4.11 Fears of Duplication May Be Overrated
When considering measures for adoption in a PTA, their inclusion in the TFA should not serve as a deterrent on the grounds of fear of duplication. Apart from the fact that disciplines are rarely phrased in identical terms, the different implementation modalities already ensure a complementary role. The absence of the TFA’s extensive flexibilities alone would add an additional layer of commitment, even in the case of matching provisions. Not having the ability to self-determine implementation dates, for instance – without an upper limit – clearly influences when a measure’s impact can be expected on the ground.
This becomes all the more relevant when considering that current commitment rates for some of the most impactful TFA measures leave room for upward movement. Only slightly more than half of all WTO Members are currently bound to have established a single window, for instance, even though the TFA sets out the related obligation in best endeavour terms. Little more than 60 per cent are already committed to border agency cooperation, despite its important role in enhancing supply chain resilience and reducing illicit trade (see Figure 4.1).

When seeking to enhance facilitation at the regional level, there are a few lessons to be learned from the COVID-19 crisis. The pandemic clearly underlined the importance of global supply chains, but also exposed their vulnerability. With many of the production and distribution networks currently under review, thought should be given to optimising – and in some cases redrawing – existing trade and supply chain maps with a focus on the areas most affected by the crisis, which continues to be a stress test to the current system.
Trade facilitation initiatives in PTAs can be an important component of such endeavours. Countries seeking to improve their integration into global production networks could use the PTA track as a (complementary) tool in their efforts to remove border bottlenecks and transform them into gateways for their imports and exports.

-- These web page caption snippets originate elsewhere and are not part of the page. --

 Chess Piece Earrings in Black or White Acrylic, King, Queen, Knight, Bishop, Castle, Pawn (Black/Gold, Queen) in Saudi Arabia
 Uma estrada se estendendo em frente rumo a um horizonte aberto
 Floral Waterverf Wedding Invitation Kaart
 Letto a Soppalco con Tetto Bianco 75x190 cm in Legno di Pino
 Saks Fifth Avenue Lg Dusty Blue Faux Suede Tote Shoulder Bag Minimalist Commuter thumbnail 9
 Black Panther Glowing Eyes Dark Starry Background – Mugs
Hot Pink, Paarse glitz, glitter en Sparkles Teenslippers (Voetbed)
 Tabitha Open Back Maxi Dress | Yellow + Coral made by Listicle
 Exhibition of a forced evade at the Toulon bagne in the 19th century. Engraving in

Consistently pursuing improved access to regional production networks could further promote the expansion of global value chains and enhance their resilience.
While substantive focus areas will differ, depending on the parties’ circumstances and priorities, certain aspects frequently promise particular gains. Automation is one such area with considerable potential, especially in developing economies. Even in developed countries, there is noticeable room for improvement. The TFA does not once refer to automation when setting out its requirements due to reservations from some WTO Members at the time of its negotiation. And while concerns seem to have eased since then as automated systems have become widely used, it would not be easy to introduce upgraded requirements at the multilateral level – and certainly not a speedy process.

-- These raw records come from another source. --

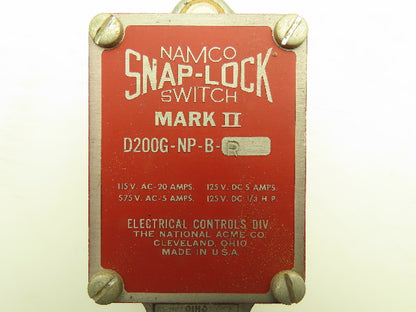 Namco D200G-NP-B-R Snap Lock Limit Switch Mark II 20A 115V 5A 575V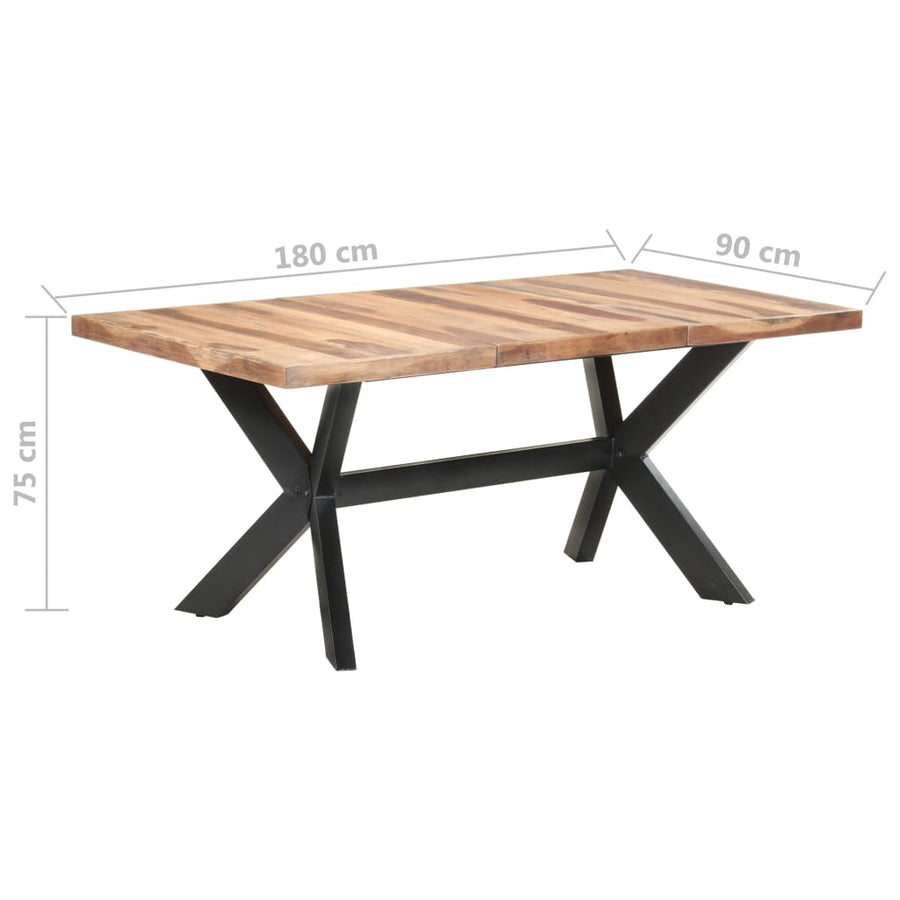 Eettafel Massief Hout Met Honingkleurige Afwerking 180 x 90 x 75 cm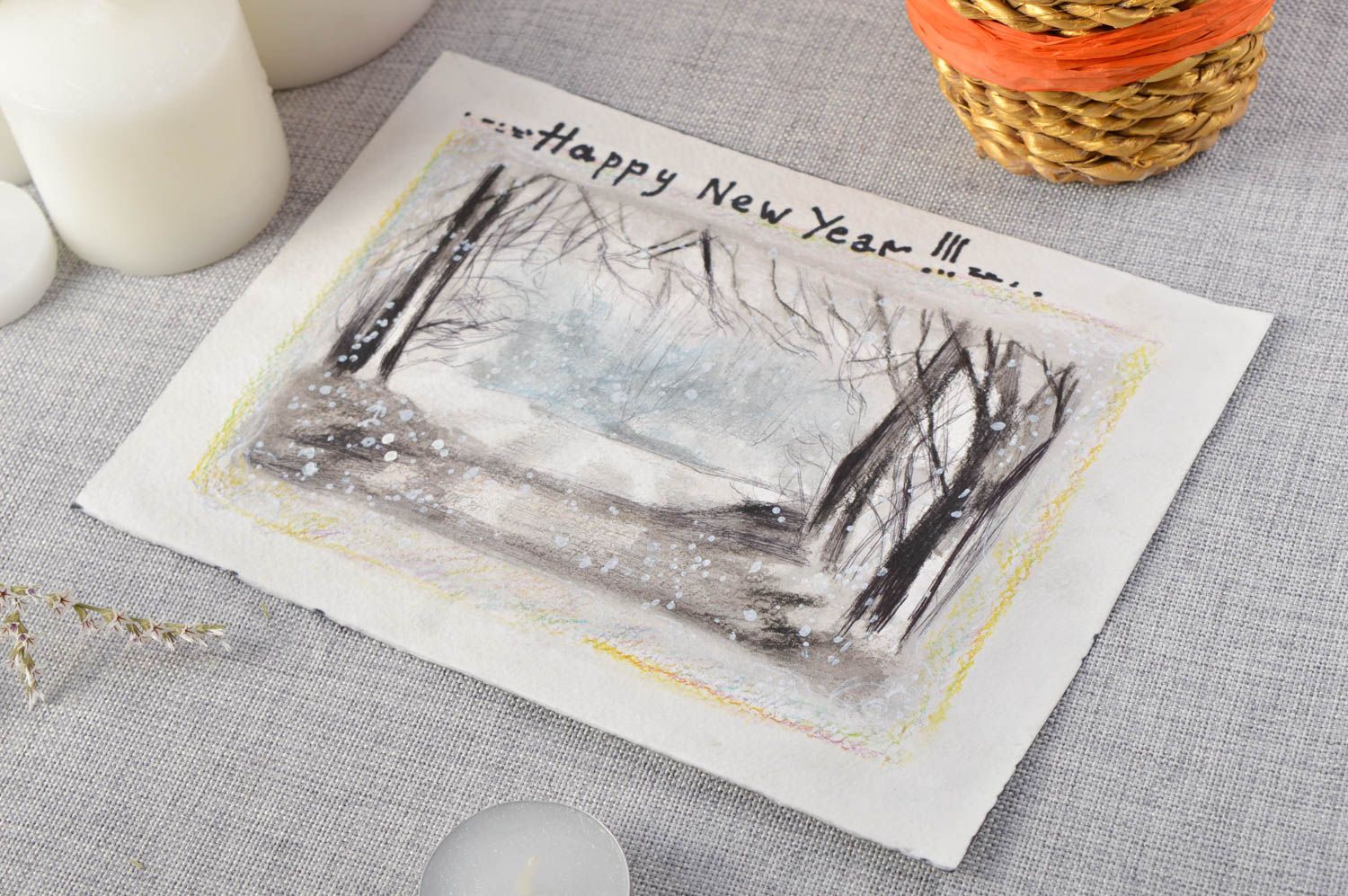 Tarjeta navideña hecha a mano con paisaje postal de felicitación regalo original foto 1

Enhancements are also still to be achieved on the other end of the technology spectrum, such as with respect to access to trade-related information. It may seem surprising, but the publication of that information featured prominently on the list of measures highlighted as meriting particular attention when identifying TFA measures with a special need for fast-track implementation (WTO Committee on Trade Facilitation, 2021a).
The COVID-19 crisis highlighted additional issues with particular relevance for enhancing supply chain resilience and keeping trade flows open, such as measures to facilitate the release and clearance of goods. A look at the TF initiatives taken by many governments at the onset of the pandemic shows that they often included improvements in the areas of electronic payment, separation of release from clearance, and pre-arrival processing. Measures were also taken to improve border agency cooperation and to accelerate the release of perishable goods. The majority of those measures were designed to be temporary in nature – and enacted with little leadup time – but the experience seems to have been positive, and several WTO Members saw merit in continued – and sometimes also accelerated – initiatives in those areas.Footnote 47
4.12 New Progress or Unused Potential?
Some of the recent PTAs appear to already have taken those aspects on board. And while there may not have been seismic shifts when comparing them to their earlier counterparts, one can find a steady evolution towards more modern approaches and the incorporation of recent information technologies. Trade Facilitation Agreement-plus commitments are still largely limited to a few core areas (such as an increased call for the use of electronic means or alignment with specified international standards), but are noticeably more frequent than in PTAs from an earlier period. There are also several cases of added specificity, such as by introducing time limits for the completion of certain actions (like releasing goods or issuing advance rulings).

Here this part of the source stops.